▶ _Data shown_:
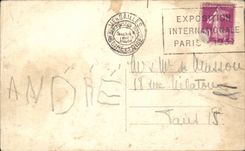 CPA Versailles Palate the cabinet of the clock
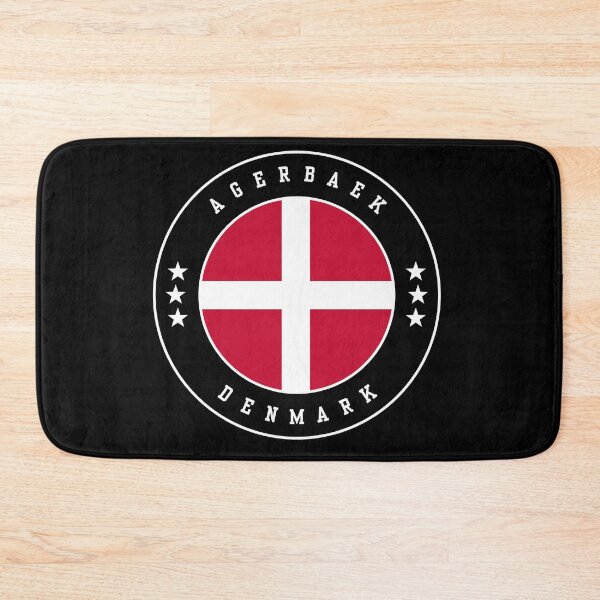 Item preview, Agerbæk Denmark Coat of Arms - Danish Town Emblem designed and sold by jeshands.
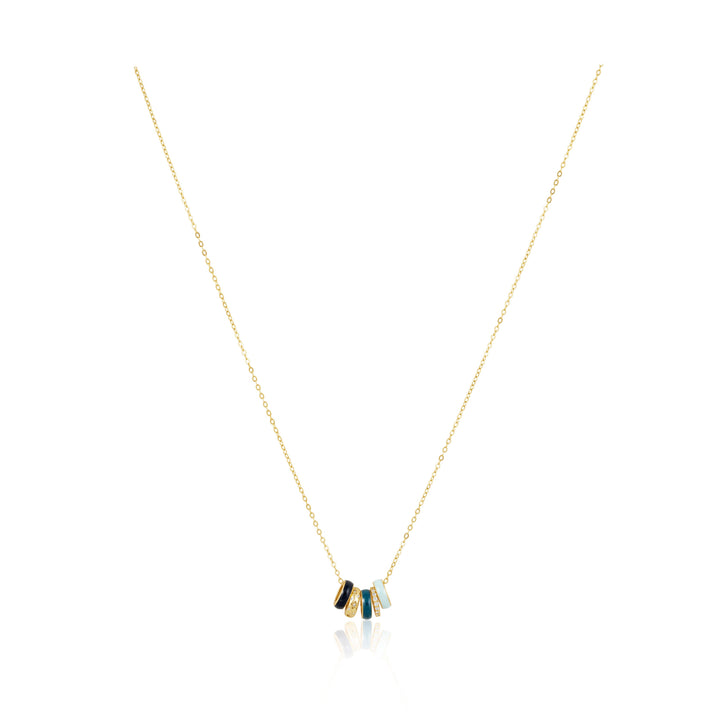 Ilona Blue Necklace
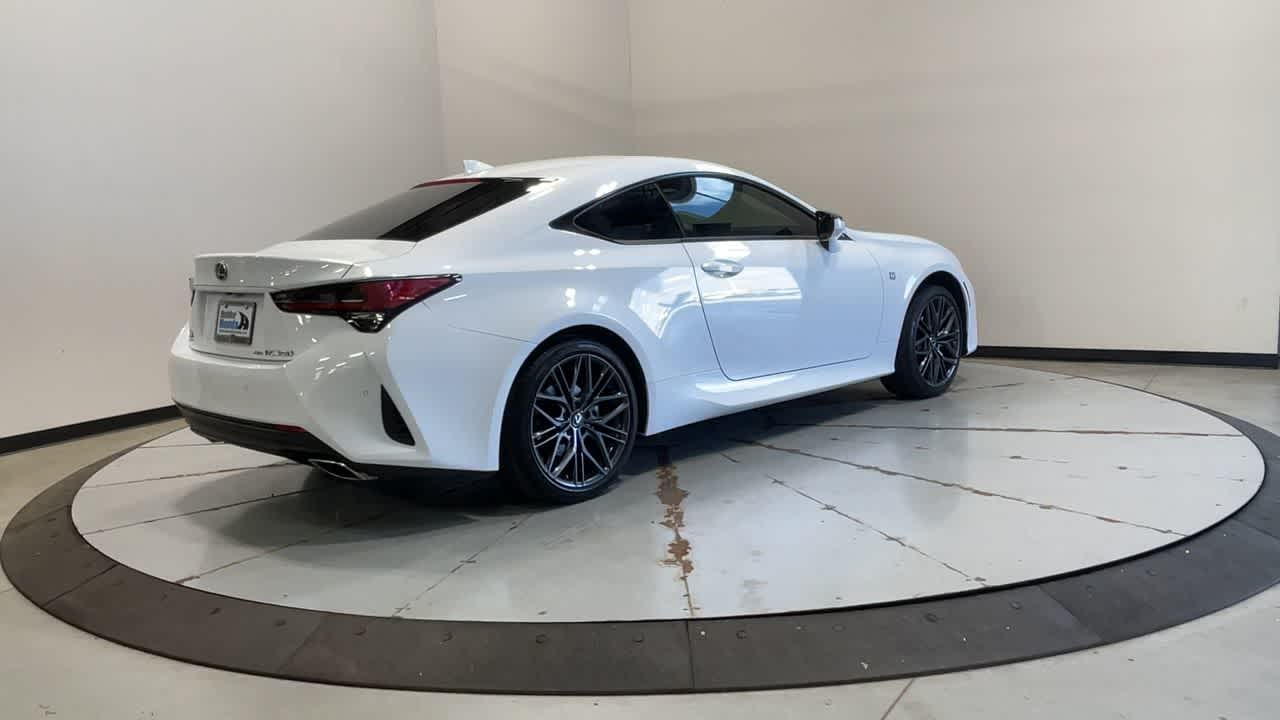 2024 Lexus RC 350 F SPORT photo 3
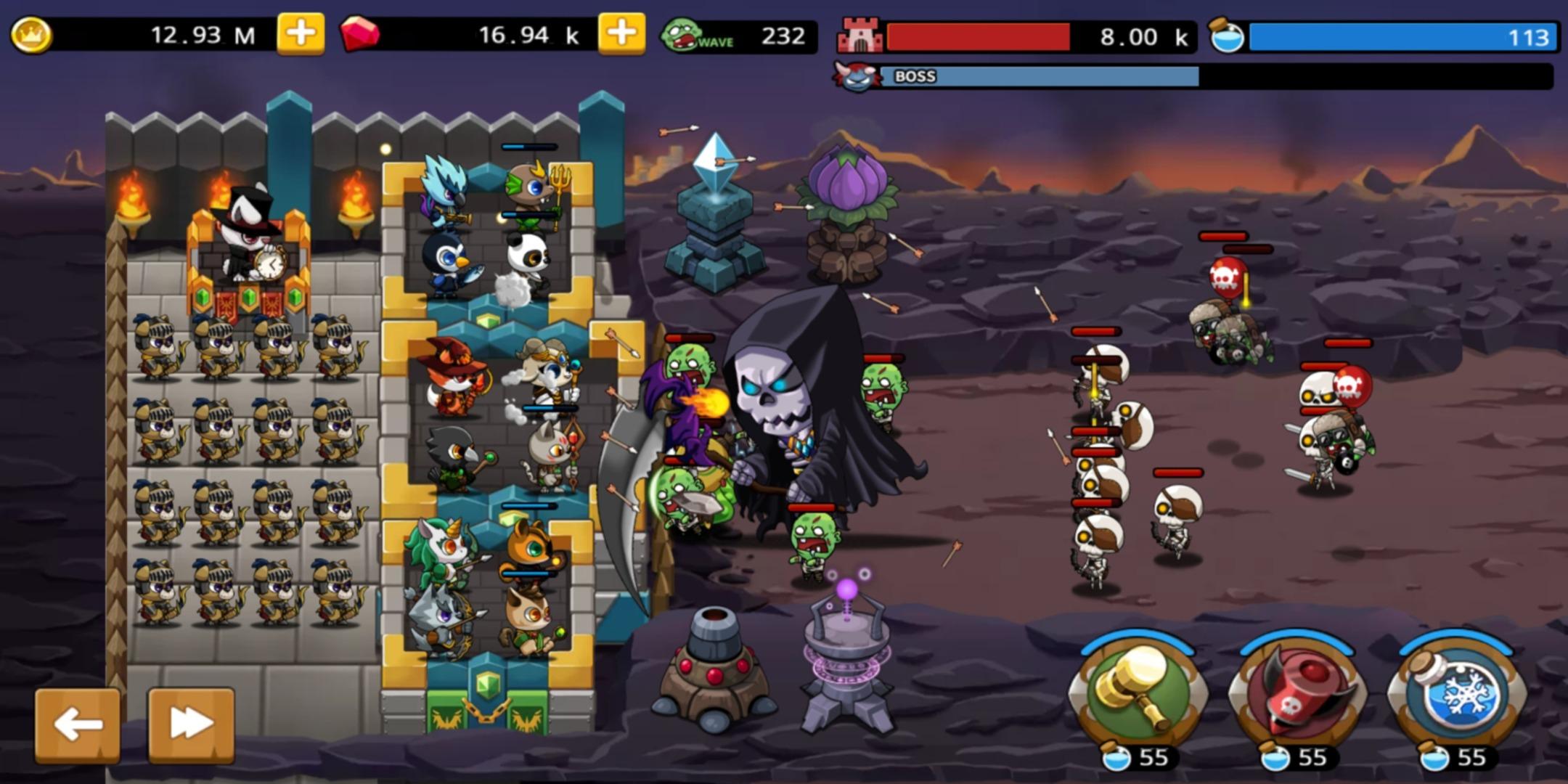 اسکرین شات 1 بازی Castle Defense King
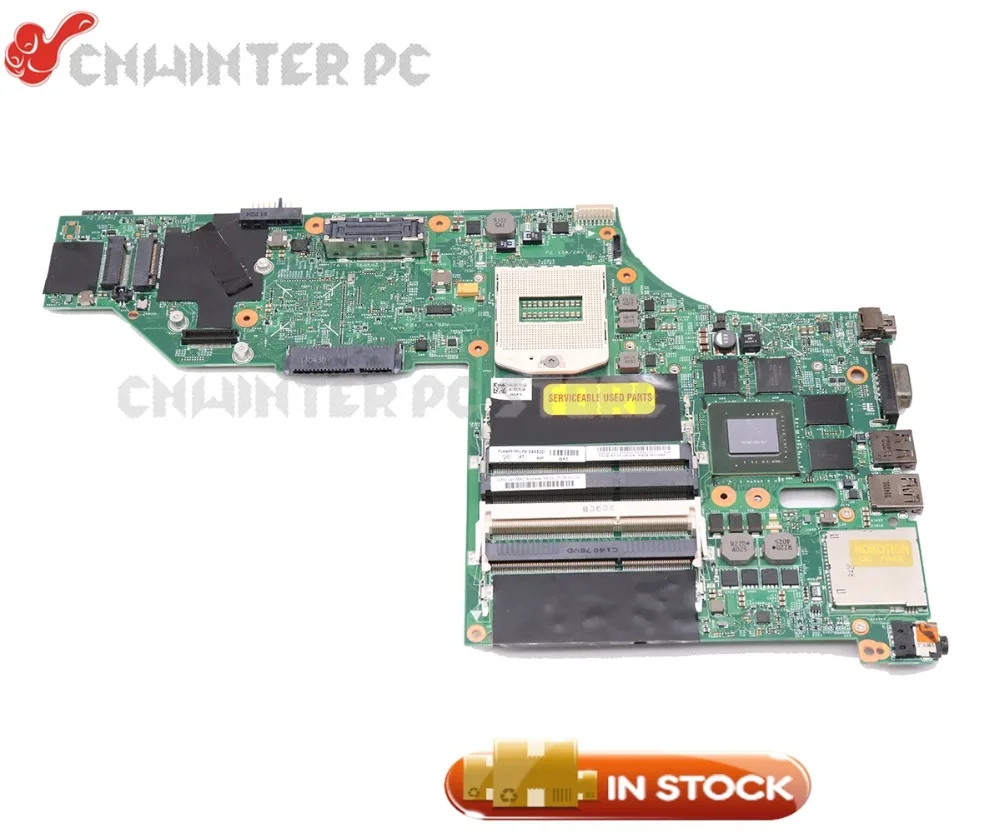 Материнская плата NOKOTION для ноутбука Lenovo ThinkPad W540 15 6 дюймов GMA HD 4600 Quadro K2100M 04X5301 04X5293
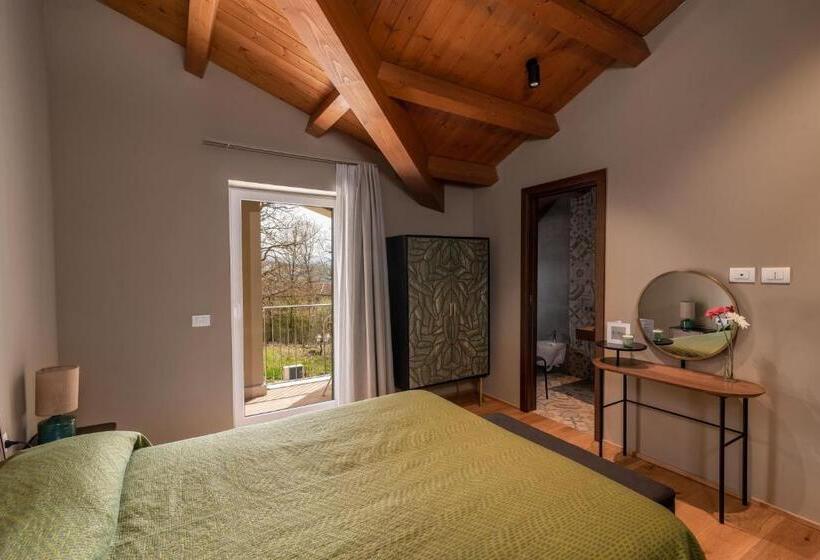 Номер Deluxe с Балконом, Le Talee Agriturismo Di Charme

▶ _What to produce_:
Verbatim output, no pictures: the line holding "Материнская плата NOKOTION" and all lines after it through the last line of the material, with nothing else.

▶ _Answer space_:
 Материнская плата NOKOTION для ноутбука Lenovo ThinkPad W540 15 6 дюймов GMA HD 4600 Quadro K2100M 04X5301 04X5293
 Номер Deluxe с Балконом, Le Talee Agriturismo Di Charme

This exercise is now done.